Um escândalo de suposta corrupção privou a presidente peruana, Dina Boluarte, de seu chefe de gabinete e braço direito. Mas mesmo sem seu maior suporte, com a economia no vermelho e as pesquisas desfavoráveis, analistas consideram pouco provável que seu tumultuado mandato não termine em 2026.

Boluarte, cuja popularidade não ultrapassa os 10% nas pesquisas e que não tem um partido próprio em um Congresso controlado pela direita e extrema direita, contava com Alberto Otárola como um habilidoso operador político.

Mas, acima de tudo, como seu escudeiro diante das investigações pela repressão aos protestos contra sua chegada ao poder em 2022, quando cerca de cinquenta manifestantes morreram por ação das forças do Estado, segundo organizações internacionais de direitos humanos.

Foi Otárola, como ministro da Defesa e depois primeiro-ministro, quem propôs a estratégia repressiva contra os grupos de esquerda que se opuseram à destituição de Pedro Castillo, o ex-presidente preso e processado que tentou sem sucesso dissolver o Parlamento.

Boluarte, até então sua vice-presidente discreta, assumiu o poder de um país com um histórico recente de instabilidade.

Como o governo sobrevive aos protestos e ao escândalo? Aqui estão algumas chaves:

1 – Que tudo continue igual

Otárola, advogado de 57 anos, teve que deixar o governo após o escândalo da divulgação de áudios nos quais ele é ouvido se referindo a uma mulher menor de 30 anos como “amor” e que obteve contratos com o Estado no ano passado no valor de cerca de 69 mil reais, em um suposto caso de tráfico de influências que o agora ex-primeiro-ministro nega.

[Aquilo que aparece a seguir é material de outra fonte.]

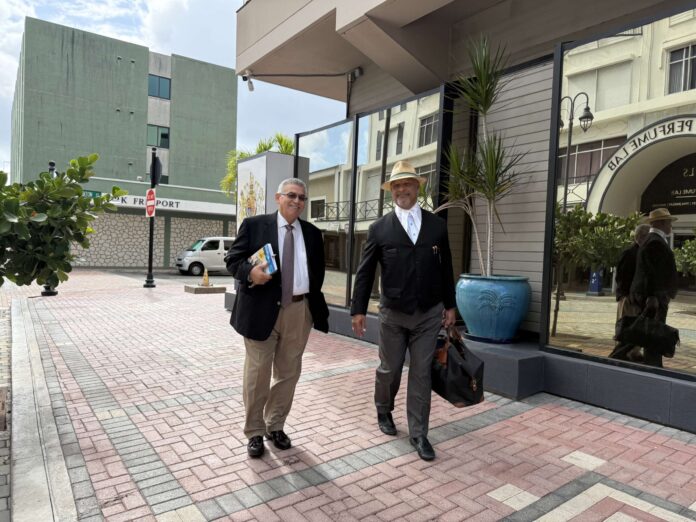 McKeeva Bush, left, and his lawyer Jerome Lynch, KC, leave court on Tuesday, following a hearing before the Court of Appeal. - Photo: Norma Connolly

Em seu lugar, assumiu nesta quarta-feira o advogado de centro-direita Gustavo Adrianzén, ex-representante do Peru na Organização dos Estados Americanos (OEA).

A presidente “conseguiu um primeiro-ministro que se assemelha muito a Alberto Otárola. Suspeito que não haverá grandes mudanças substantivas”, diz o analista Augusto Alvarez Rodrich à AFP.

O fato de Adrianzén ser o único rosto novo em um gabinete de 18 ministros após o recente escândalo “dá a impressão de que apenas a principal figura foi trocada para que nada mude. E como acontecia com Otárola, ele será o contrapeso com as bancadas do Congresso”, acrescenta.

“Que tudo mude para que tudo continue igual”, resume Rodrich.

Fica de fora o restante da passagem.